Hands-on with Ittle Dew

You may think you’ve seen Ittle Dew before: the green-robed, blonde-haired heroine seems directly linked to Nintendo’s adventure star and even comes equipped with her own fairylike companion.  With a thirst for treasure and little more than a trusty stick to her name, the barefoot conquistador does find herself in locations befitting the The Legend of Zelda‘s Hylian hero, but must use more brains than brawn to find her way back out.

Having traipsed my way through the first full dungeon of Ittle Dew and earned a badass fire sword, I’ve come to two conclusions: Ittle Dew is more puzzle game than adventure, and its world is endearingly strange.  Enemies range from frog-suited teenagers to bug-eyed platypi and include a stack of syrup-soaked pancakes reminiscent of Like Likes.  While you can spend plenty of time thwacking these baddies with your stick and then sword, dungeons are not overly populated and only “kill all monsters” puzzle rooms require any actual fighting.  Most of Ittle’s time is otherwise spent solving different puzzle challenges required to open doors to treasure and further exploration.


Thankfully, since they seem to be the focus of Ittle’s adventures, those puzzles are nothing to sneeze at.  In the first room of the fire dungeon, I was forced to retry a single sliding block puzzle no fewer than five times.  This might be a comment on my puzzle-solving prowess, but really, I think Ittle Dew‘s challenges are good ol’ fashioned challenging, and it’s a refreshing treat.  Even dispatching enemies, like the seemingly unstoppable mine cart monsters, is often more puzzle- than muscle-based.

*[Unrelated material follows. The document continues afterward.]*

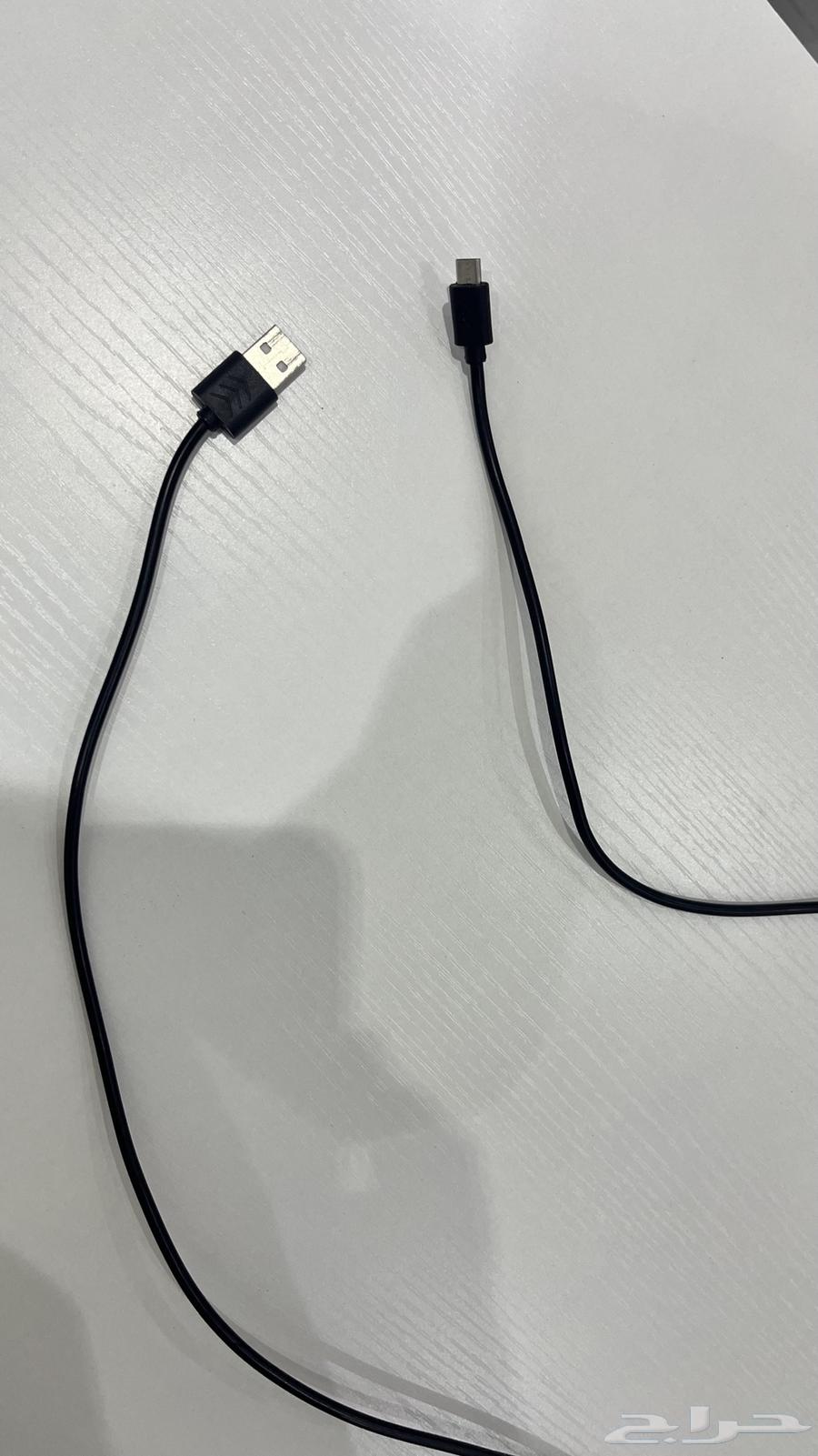 Reasnow S1 Gaming Controller64396143254018112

Coupled with the random assortment of enemies, suspiciously drunken commentary from Ittle’s fox-fairy, and occasional jabs at its obvious inspiration, my Ittle Dew experience is off to an encouraging start.  I’m hoping for a little more story besides “Ittle is shipwrecked and would like to get off this island” eventually, but the fact that I had to force myself to stop playing to write this preview is probably a good sign.


We’ll have a full review of Ittle Dew and its unique take on heart containers when it hits Steam later this month.